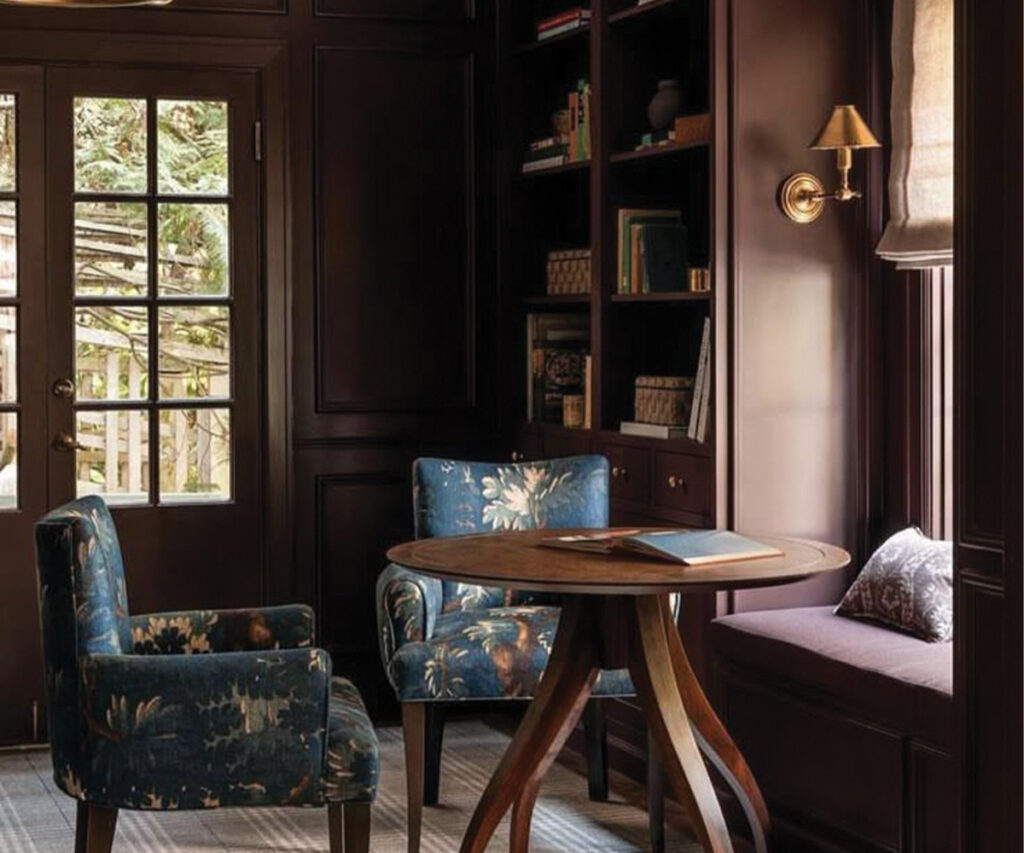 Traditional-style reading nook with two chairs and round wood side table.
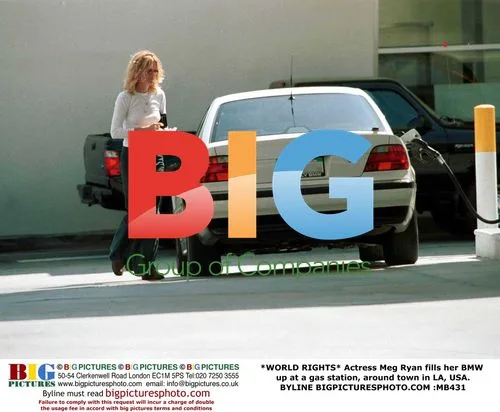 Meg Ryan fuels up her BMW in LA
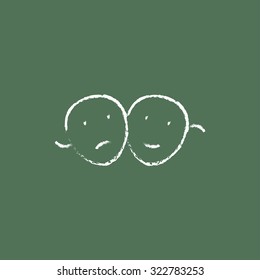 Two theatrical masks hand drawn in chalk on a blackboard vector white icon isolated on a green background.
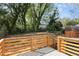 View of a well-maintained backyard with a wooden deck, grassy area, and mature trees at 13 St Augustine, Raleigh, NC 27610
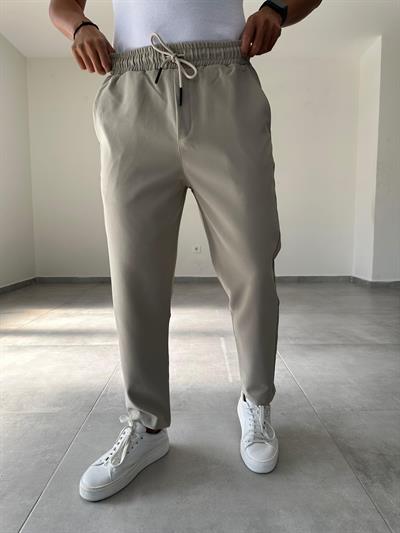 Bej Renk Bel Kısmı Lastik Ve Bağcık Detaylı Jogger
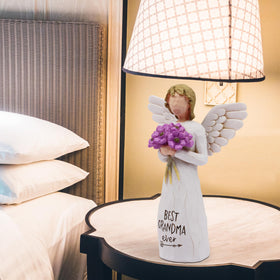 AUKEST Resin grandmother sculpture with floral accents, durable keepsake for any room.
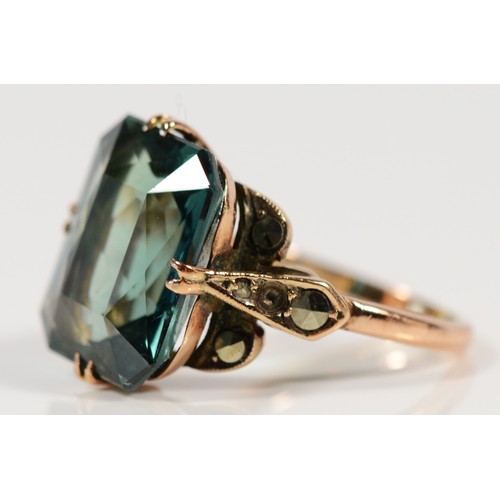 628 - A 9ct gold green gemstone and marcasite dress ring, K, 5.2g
++++++++
Action item » The data must be printed exactly, image-free.

Solution to this task »
 Traditional-style reading nook with two chairs and round wood side table.
 Meg Ryan fuels up her BMW in LA
 Two theatrical masks hand drawn in chalk on a blackboard vector white icon isolated on a green background.
 View of a well-maintained backyard with a wooden deck, grassy area, and mature trees at 13 St Augustine, Raleigh, NC 27610
 Bej Renk Bel Kısmı Lastik Ve Bağcık Detaylı Jogger
 AUKEST Resin grandmother sculpture with floral accents, durable keepsake for any room.
 628 - A 9ct gold green gemstone and marcasite dress ring, K, 5.2g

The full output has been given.